What’s your take on democracy in Tennessee?
[From a] purely academic standpoint, we probably wouldn’t classify Tennessee as a full democracy at this point. To have a fully representative democracy, you have to have real competition in order for there to be accountability. And in Tennessee … there’s very little real competition, in the sense that one party is very dominant and doesn’t have to worry about what might happen to them in the next election.
I would say, too, that one of the key principles of democracy is welcoming of dissent and welcoming of various viewpoints on contentious issues. I think the issue with the “Tennessee Three” fits right into this theme of a supermajority not being as interested as a pro-democracy party would be in listening to dissent.
We haven’t gotten to the point yet where there are strongly institutionalized restrictions on free speech. … The thing right now that’s closest to [that] is the divisive-concepts bills that have affected both higher education and K-12. I don’t think they quite fit into the category of a complete move on free speech, but it’s definitely in a more authoritarian direction than what you would hope to see in the context of a thriving democracy.
Is the situation in Tennessee unique?
Not completely. There are some states where democracy thrives more fully, but there are a number of states — and I don’t mean to be partisan — that are led by Republicans that are taking actions to decrease competition, to undermine voter rights, to gerrymander in ways so that their representation in legislative institutions … really outpaces the support that they truly have.
Does something like the state’s attempt to shrink the Metro Council fit into that trend of undermining competition?
Absolutely, it does.
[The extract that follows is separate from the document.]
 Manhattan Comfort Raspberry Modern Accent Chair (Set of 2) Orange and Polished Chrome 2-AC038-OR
I think the biggest thing there is that it’s most likely to decrease representation for people of color … in that body. Simply stated, if you have bigger districts, it’s less likely for them to be majority-minority districts.
Activists and others are saying that Tennessee is looking like a fascist or undemocratic state. How much validity is there to some of that more alarmist language?
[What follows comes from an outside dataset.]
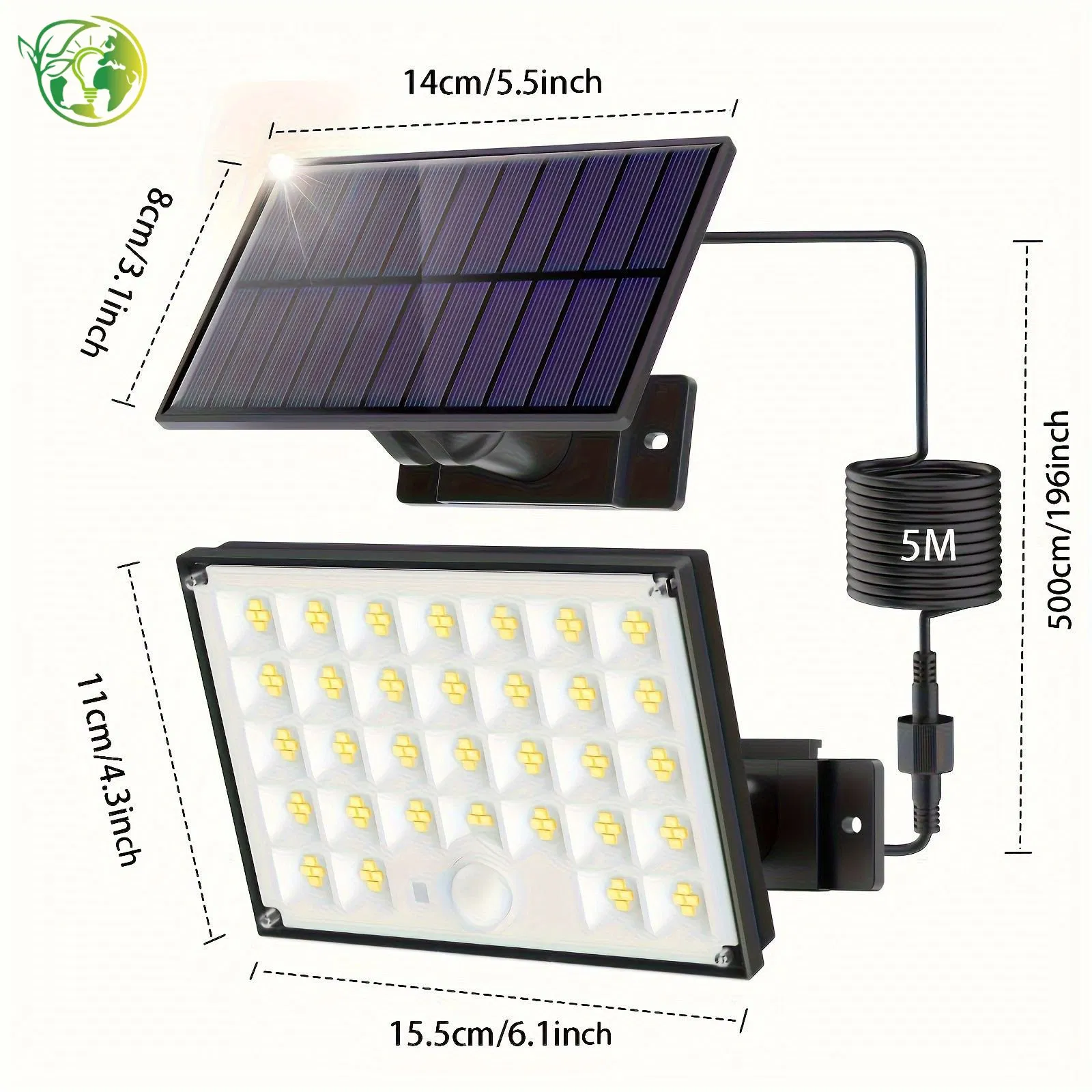Energy-Saving Adjustable Angle Floodlight for Landscape Design Solar Spotlight with 0-180° Tilt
I think the other end of the spectrum from democracy is not necessarily fascism, it’s authoritarianism. And one of the things that we see from historical example after historical example is that when democracies die, it doesn’t happen in one big event. … Democracies die a slow death by 1,000 cuts. And so, while I think we do have to be careful with our rhetoric and we don’t want to be overly alarmist, at the same time, any move away from democracy is a move toward authoritarianism. And if one doesn’t raise the alarm on initial steps away from democracy, you pretty soon find yourself 20 or 30 steps closer to authoritarianism.
You’ve also done some scholarship on democracy in Latin America. How are those studies applicable when it comes to monitoring democracy at home, even on the state level?
The similarities are relatively subtle at this point. Peru is a place where you’ve had years and years of particular minoritized groups being not fully included [in] the governing process — those being Indigenous people. We’ve had an exclusionary democracy for a long time in the United States, too. … Black Americans, in particular, have not really been fully incorporated into U.S. democracy, except for maybe very brief periods of time.
I lived in Venezuela as Hugo Chavez was in the middle of his reign. Obviously, Chavez was more on the left wing, but it’s authoritarianism — no matter what the ideological stripe is — when you are taking specific actions to prevent your opposition from having a voice. … It was like democracy itself became a partisan issue. And I see that happening in the U.S. too, where democracy itself has become, to some extent, a partisan issue.
And when the parties are fighting about democracy, not just policy disputes within a democratic system, you’re in a very precarious place. And that’s where we’re at right now in the United States.